Chinese author Mo Yan won Nobel Prize in Stockholm

On 10 October, Chinese author Mo Yan was announced the winner of 2012 Nobel Prize in Literature at at the Swedish Academy in Stockholm, Sweden. 

“Yan is an author who with hallucinatory realism merges folk tales, history and the contemporary”, the Academy’s Permanent Secretary Peter Englund said in a short announcement shortly after 1pm in Stockholm.

“Through a mixture of fantasy and reality, historical and social perspectives, Mo Yan has created a world reminiscent in its complexity of those in the writings of William Faulkner and Gabriel García Márquez,” the Swedish Academy said of Yan in its official biography.

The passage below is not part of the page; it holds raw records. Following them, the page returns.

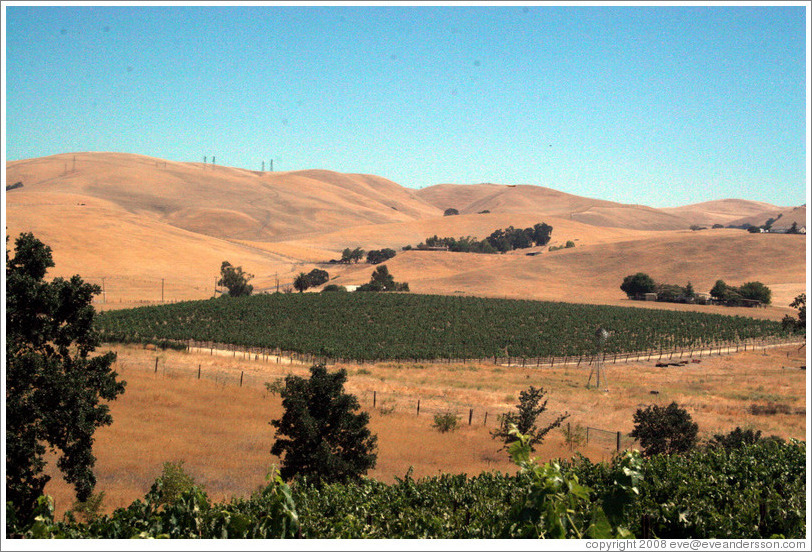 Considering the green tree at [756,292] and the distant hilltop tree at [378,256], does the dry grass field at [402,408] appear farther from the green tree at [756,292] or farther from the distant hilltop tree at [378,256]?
the distant hilltop tree at [378,256]

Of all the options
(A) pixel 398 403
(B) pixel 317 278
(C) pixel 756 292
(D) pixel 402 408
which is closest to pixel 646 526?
(D) pixel 402 408

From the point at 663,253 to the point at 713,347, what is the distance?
70.9 m

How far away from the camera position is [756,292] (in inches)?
4055

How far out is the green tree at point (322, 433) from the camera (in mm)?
20141

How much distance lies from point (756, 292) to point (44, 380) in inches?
4250

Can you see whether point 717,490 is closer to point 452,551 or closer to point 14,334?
point 452,551

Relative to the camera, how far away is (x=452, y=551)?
23.6ft

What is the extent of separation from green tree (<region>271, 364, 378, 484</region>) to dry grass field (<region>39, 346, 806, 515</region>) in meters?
1.82

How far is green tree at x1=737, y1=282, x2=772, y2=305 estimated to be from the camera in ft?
336

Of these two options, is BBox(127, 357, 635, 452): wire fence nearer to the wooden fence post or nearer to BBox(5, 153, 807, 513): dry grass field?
BBox(5, 153, 807, 513): dry grass field

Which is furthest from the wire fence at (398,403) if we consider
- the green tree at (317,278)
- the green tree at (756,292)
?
the green tree at (756,292)

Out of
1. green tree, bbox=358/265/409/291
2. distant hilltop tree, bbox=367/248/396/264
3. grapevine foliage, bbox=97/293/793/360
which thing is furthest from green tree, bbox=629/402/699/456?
distant hilltop tree, bbox=367/248/396/264

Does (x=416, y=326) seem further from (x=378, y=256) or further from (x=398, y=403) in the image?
(x=378, y=256)

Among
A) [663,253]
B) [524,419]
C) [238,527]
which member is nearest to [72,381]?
[238,527] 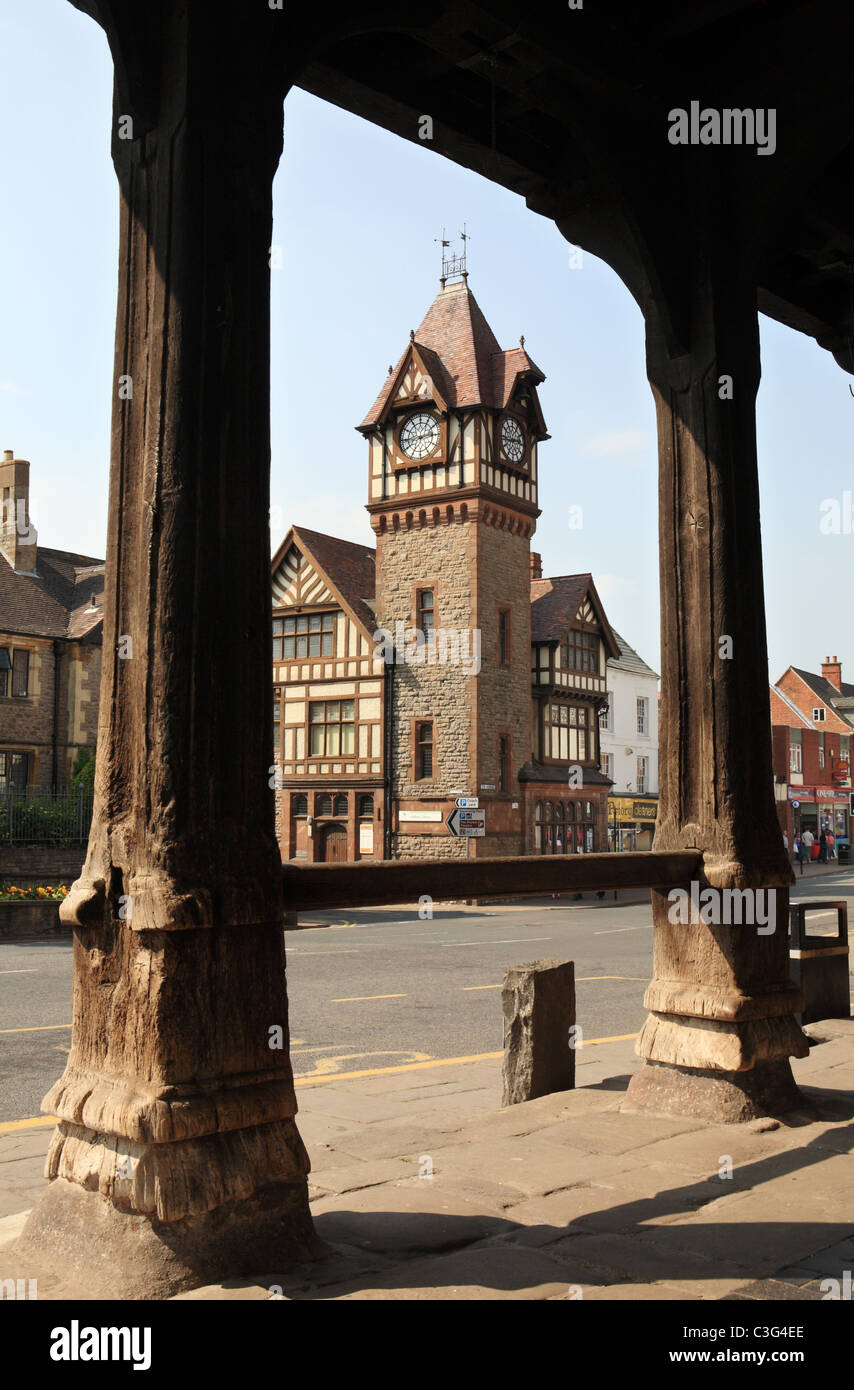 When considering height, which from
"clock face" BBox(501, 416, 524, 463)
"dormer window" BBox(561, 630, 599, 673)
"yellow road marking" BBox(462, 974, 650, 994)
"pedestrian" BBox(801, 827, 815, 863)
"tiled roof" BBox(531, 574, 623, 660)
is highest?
"clock face" BBox(501, 416, 524, 463)

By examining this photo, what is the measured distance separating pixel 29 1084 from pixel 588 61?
6.46 metres

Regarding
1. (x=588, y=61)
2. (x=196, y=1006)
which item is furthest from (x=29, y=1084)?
(x=588, y=61)

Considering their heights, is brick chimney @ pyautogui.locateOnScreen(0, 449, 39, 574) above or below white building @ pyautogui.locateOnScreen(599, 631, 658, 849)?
above

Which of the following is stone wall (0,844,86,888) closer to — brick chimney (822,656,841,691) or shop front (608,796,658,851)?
shop front (608,796,658,851)

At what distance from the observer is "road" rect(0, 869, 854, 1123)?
811cm

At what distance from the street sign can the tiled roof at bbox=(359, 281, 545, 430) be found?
11840 millimetres

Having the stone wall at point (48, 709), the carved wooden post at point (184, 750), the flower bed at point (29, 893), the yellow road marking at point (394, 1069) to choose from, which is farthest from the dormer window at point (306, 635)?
the carved wooden post at point (184, 750)

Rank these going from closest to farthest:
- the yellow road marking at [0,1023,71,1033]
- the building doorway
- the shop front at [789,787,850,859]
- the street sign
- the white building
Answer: the yellow road marking at [0,1023,71,1033]
the street sign
the building doorway
the white building
the shop front at [789,787,850,859]

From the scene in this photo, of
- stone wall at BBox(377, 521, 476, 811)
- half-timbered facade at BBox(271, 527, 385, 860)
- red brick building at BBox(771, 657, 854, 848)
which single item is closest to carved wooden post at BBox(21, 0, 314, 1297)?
stone wall at BBox(377, 521, 476, 811)

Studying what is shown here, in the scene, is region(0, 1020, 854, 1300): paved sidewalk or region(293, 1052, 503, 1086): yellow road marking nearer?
region(0, 1020, 854, 1300): paved sidewalk

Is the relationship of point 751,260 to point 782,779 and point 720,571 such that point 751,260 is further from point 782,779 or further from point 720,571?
point 782,779

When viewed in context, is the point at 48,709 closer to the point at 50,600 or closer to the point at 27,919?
the point at 50,600

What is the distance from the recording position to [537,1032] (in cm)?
609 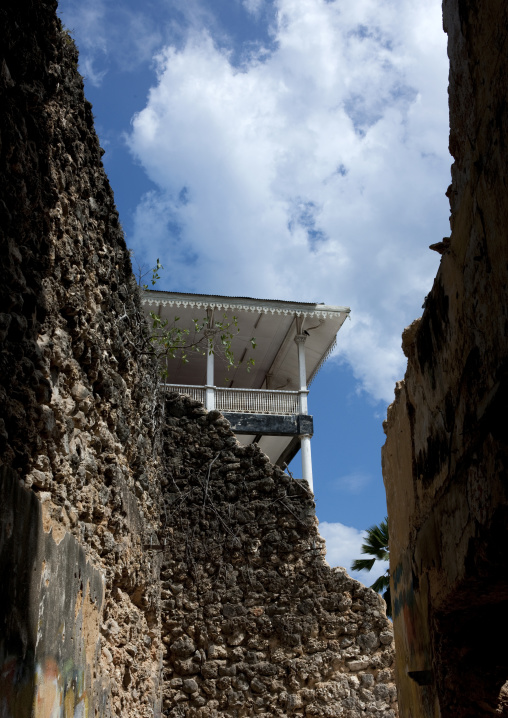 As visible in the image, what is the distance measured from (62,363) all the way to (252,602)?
5.28 meters

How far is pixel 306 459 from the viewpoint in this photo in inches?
547

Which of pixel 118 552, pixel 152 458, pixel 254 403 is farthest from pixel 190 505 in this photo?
pixel 254 403

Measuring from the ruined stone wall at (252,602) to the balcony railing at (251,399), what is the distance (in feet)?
16.4

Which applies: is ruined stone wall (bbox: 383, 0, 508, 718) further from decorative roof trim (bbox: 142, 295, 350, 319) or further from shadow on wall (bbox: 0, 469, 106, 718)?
decorative roof trim (bbox: 142, 295, 350, 319)

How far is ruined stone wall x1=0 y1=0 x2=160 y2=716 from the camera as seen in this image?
3.31m

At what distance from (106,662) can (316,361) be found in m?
12.0

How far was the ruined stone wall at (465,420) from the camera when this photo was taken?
2.88 meters

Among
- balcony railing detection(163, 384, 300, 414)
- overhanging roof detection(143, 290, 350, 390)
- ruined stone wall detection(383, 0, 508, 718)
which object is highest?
overhanging roof detection(143, 290, 350, 390)

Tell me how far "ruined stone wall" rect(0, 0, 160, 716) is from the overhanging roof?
8.19 m

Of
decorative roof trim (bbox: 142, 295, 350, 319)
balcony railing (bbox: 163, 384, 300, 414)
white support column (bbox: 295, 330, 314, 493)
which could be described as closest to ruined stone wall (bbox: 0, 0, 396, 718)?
white support column (bbox: 295, 330, 314, 493)

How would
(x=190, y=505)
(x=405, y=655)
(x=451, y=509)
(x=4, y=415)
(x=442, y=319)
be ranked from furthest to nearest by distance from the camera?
(x=190, y=505) → (x=405, y=655) → (x=442, y=319) → (x=451, y=509) → (x=4, y=415)

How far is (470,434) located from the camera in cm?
325

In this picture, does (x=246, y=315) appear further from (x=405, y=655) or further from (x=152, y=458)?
(x=405, y=655)

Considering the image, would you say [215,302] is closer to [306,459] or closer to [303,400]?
[303,400] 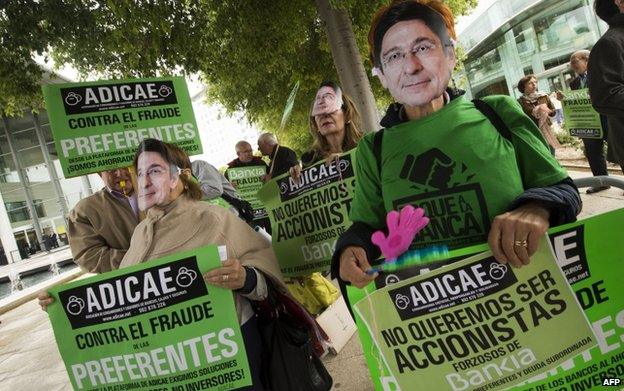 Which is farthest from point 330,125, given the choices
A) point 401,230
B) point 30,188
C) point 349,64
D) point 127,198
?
point 30,188

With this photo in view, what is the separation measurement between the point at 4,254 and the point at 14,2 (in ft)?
110

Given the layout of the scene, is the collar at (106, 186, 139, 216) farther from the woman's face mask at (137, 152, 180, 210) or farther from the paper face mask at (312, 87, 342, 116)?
the paper face mask at (312, 87, 342, 116)

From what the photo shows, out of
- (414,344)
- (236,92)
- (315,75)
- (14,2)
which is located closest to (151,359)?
(414,344)

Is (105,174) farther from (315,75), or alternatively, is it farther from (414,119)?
(315,75)

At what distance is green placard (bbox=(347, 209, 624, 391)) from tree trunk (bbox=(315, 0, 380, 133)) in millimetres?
4115

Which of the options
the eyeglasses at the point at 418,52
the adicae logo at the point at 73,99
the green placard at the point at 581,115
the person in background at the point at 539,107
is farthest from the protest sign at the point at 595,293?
the person in background at the point at 539,107

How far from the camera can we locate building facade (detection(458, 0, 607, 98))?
2334 centimetres

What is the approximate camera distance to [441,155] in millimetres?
1414

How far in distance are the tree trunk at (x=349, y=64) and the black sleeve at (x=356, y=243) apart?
12.3 ft

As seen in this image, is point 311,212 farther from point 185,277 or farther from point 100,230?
point 100,230

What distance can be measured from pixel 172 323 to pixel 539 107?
507cm

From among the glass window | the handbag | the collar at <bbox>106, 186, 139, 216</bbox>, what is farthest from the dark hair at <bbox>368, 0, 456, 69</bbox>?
the glass window

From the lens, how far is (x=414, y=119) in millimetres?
1531

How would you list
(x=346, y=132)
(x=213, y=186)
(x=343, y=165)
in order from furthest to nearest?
(x=213, y=186)
(x=346, y=132)
(x=343, y=165) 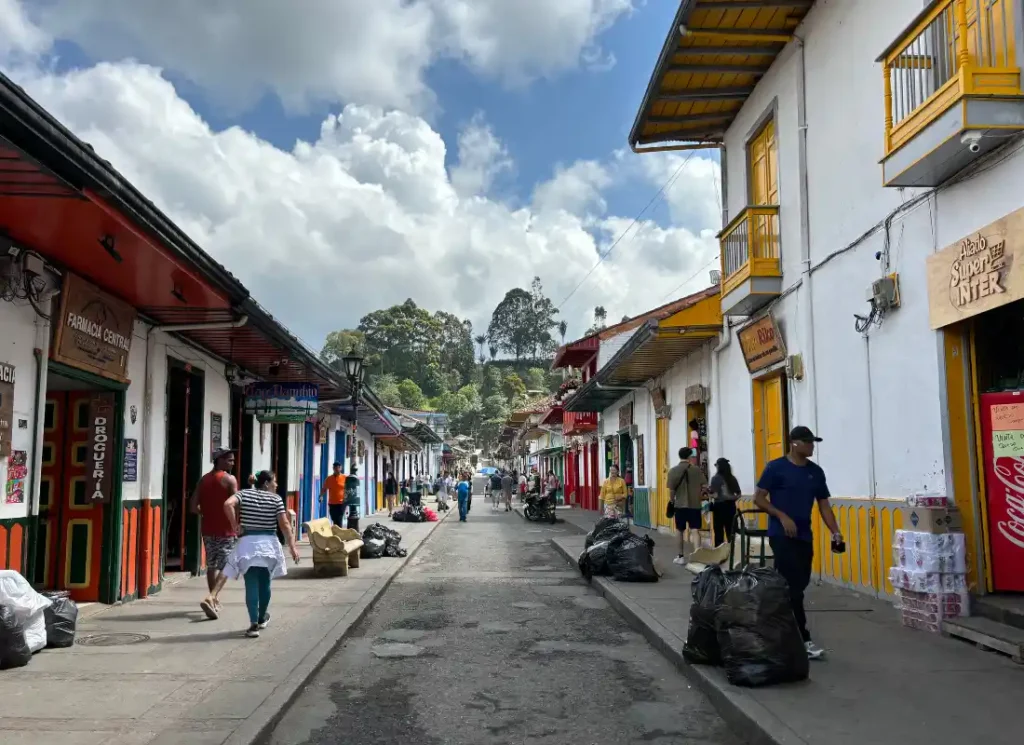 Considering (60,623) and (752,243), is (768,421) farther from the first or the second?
(60,623)

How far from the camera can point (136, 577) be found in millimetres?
9844

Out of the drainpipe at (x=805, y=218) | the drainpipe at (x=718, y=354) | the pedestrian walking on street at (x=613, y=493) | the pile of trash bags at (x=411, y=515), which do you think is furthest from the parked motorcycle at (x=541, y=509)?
the drainpipe at (x=805, y=218)

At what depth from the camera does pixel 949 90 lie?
22.0 feet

Among Yan’s works are “Falling Rain on a Spring Night”, “Life and Death Are Wearing Me Out”, and “Red Sorghum”.

“I’m overjoyed, but I’m a little frightened also,” Yan said on the telephone, the Academy’s Göran Malmqvist told the Aftonbladet newspaper.

This is the first time a Chinese national and the second time a Chinese-born writer has won the prize, after Gao Xingian, who received French citizenship in 1997, was honoured in 2000.

Mo Yan is a pen name meaning ‘don’t speak’. Mo’s real name is Guan Moye. The literature prize is the fourth of this year’s crop of prizes, which were established in the will of Swedish dynamite inventor Alfred Nobel.